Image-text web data
▶

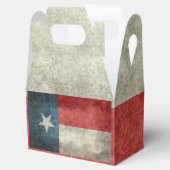 Texas staatsvlag retro stijl geschenkdozen bedankdoosjes (Geopend)
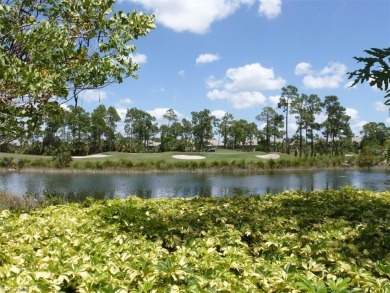 Enjoy golf & pond views from your paver lanai w/pool & spa in on The Club At Grandezza in Florida - for sale on GolfHomes.com, golf home, golf lot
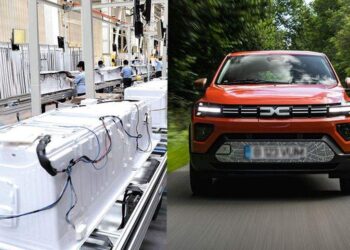 Un român şi-a construit o Dacia Spring din piese furate de la Arctic Găeşti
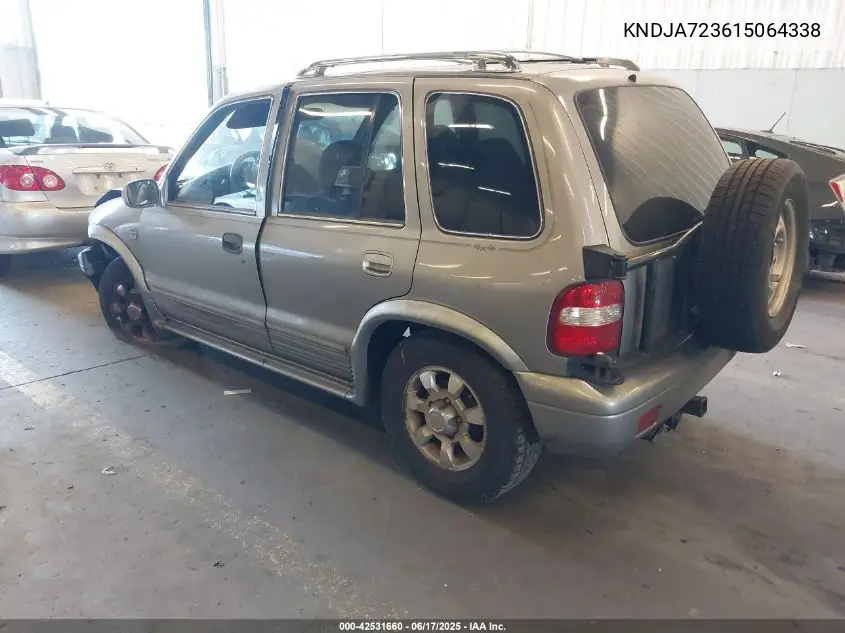 2001 Kia Sportage Ex/Limited VIN: KNDJA723615064338 Lot: 42531660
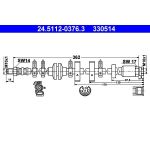 Bremsschlauch 24.5112-0376.3 Bremsschlauch 24.5112-0376.3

◀

_What is required:_
Reproduce each line of the records exactly, omitting any picture.

_Answer for the task:_
 Texas staatsvlag retro stijl geschenkdozen bedankdoosjes (Geopend)
 Enjoy golf & pond views from your paver lanai w/pool & spa in on The Club At Grandezza in Florida - for sale on GolfHomes.com, golf home, golf lot
 Un român şi-a construit o Dacia Spring din piese furate de la Arctic Găeşti
 2001 Kia Sportage Ex/Limited VIN: KNDJA723615064338 Lot: 42531660
 Bremsschlauch 24.5112-0376.3 Bremsschlauch 24.5112-0376.3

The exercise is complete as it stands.